Currently, the accuracy of the cat face detector is at 97.5%, and the facial feature detector is at 99.7%. I am satisfied with the performance of the latter, but I am still working on improving the cat face detector.

Process

1. Gather the data

I did quite a bit of digging on Google to finally find a dataset suitable for my purposes. http://mmlab.ie.cuhk.edu.hk/ has 10,000 cat images where each cat head is manually labeled with 9 points, one for mouth, two for eyes, and six for ears, as demonstrated in the images below. This means that we can use these annotations to train our model to detect 3 main features of cat faces. We can also use this dataset to detect faces; we can calculate where the face is by doing some geometric calculations based on facial proportions.

Image source

2. Start training

I used Darknet as the framework to train my object detection models. All you have to do is modify your dataset to comform to a format required by the framework. This would involve generating bounding rectangles around the eyes, ears, mouths, and the faces from the points given. It can be easily done using OpenCV library.
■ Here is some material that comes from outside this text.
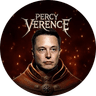 Percy Verence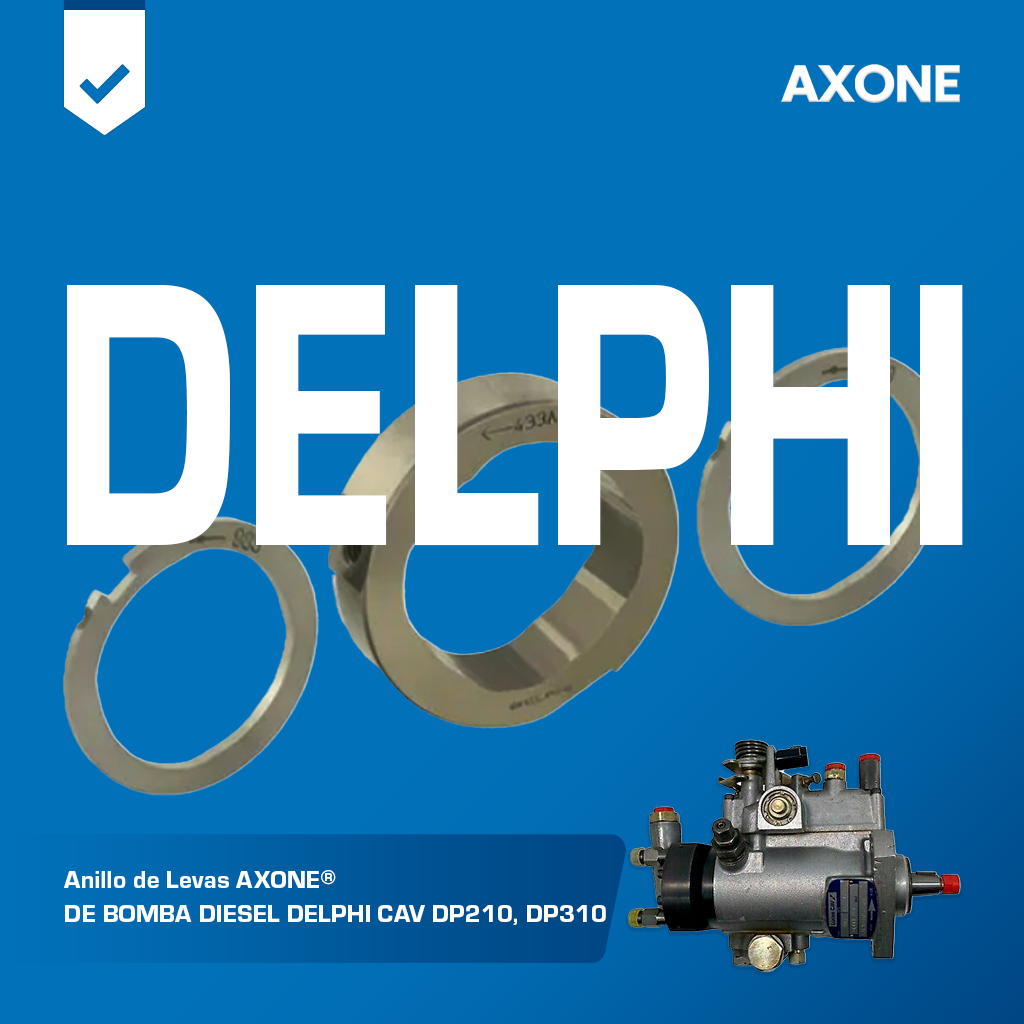 anillo aro de levas 7189 100ck de bomba diesel delphi cav dp210, dp310 anillo aro de levas 7189 100ck de bomba diesel delphi cav dp210, dp310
Since we are dealing with images, we need a convolutional neural network. I decided to use YOLOv2, since they claimed that they were faster and more accurate than other convolutional neural networks out there such as SSD, AlexNet, and Faster R-CNN.

Also, we cannot use our entire dataset for training. We have to save a portion of it to see how our models perform when given images that they have not seen before. This will become clearer in the next step.

3. Select the best training iteration

Contrary to what you may think, more training does not necessarily mean that we get a better performance. If you train for too long, it will result in “overfitting”; which means that the model will only work well with the training dataset, and that it will perform worse on the images that it has never seen before. So, I identified the “early stopping point” of the training, a point where our model has the highest performance with unfamiliar images.

4. Build your application! (ongoing)

The only thing left to do is to build your application. This part can be challenging because you have to integrate your app with the Darknet framework, as well as other libraries such as OpenCV. So far, I have built an interim program written in C++ that helps visualize detections on images and videos. You can check it out at my Github repository.

Next Steps

The next step would be to deploy a mobile app. This is the most challenging part because although convolutional neural networks run blazingly fast on GPU’s, mobile devices have far less computing resources available. However, I can think of a few solutions to this problem:

Change the precision of weights from floating point to integer 8-bit, which speeds up CPU computation on embedded devices;
Use advanced cache organization to speed up data access;
Perform object tracking in between intervals of detections, which is less computationally expensive.